As He speaks, there is evidence of pain. She senses this. She understands it is a grief almost indescribable. If she could be strong in her suffering, she would bear that grief gladly.

The One speaking to her lets her know she will suffer, not only physical pain, but the loss of reputation, and will know persecution by slander – and so it comes to pass.

Why does He do this to her? So that she might learn the absolutely innumerable frailties, which she has, and to help her to understand her own wretchedness. The only way this is possible is by a loss of strength and virtue, toward resisting those things that are actually repugnant, offensive, or revolting to her – yes, the loss of ability to do good works.
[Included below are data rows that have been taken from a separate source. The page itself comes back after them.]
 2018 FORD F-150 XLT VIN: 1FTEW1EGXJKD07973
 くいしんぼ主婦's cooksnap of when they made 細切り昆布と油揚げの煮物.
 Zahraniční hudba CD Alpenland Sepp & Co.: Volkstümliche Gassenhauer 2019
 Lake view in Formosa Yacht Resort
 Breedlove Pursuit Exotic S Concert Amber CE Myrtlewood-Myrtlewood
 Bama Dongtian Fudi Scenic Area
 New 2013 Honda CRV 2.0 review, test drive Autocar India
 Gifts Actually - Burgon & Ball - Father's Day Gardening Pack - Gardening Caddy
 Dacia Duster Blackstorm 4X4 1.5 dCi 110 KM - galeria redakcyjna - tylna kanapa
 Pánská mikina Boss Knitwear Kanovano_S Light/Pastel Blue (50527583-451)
She is covered within inconceivable confusion; she suffers great and immense distress.

He delivers the external part of her being to many outside calamities, and to the maliciousness of man, and even to the powers of darkness. It appears that He has given each of these attackers an unrestricted power over her external nature. Furthermore, the Lord lays His hand heavily upon her interior nature.

Even the thought of such things makes one shutter! While the believer passes through this trial, he probably feels extreme rebellion against the suffering. He looks about for some traits of abandonment he once had toward his Lord. There is nothing there – neither without nor within. He cries from deep within his inmost being for strength or for deliverance. It seems that neither comes.

Interestingly, just before these things happen in the lives of many believers, there is actually a revelation. Perhaps we should call it an infusion of divine justice. There comes a sense that whatever the Lord does in our lives, it is just! The believer realizes that, whether it be an attack from the powers of darkness, or simply his own natural weaknesses exposed… whatever is about to befall him, it is justified. He is being prepared for something.

He is being prepared to face what is before him without reservation, and without any distinct view in mind as to what the outcome will be. He has been given the ability to surrender to whatever it is the Lord is about to do (though this does not guarantee his survival, it only guarantees that he has given God unlimited access to do, at his full power, and sovereign, well, whatever he decides to do.)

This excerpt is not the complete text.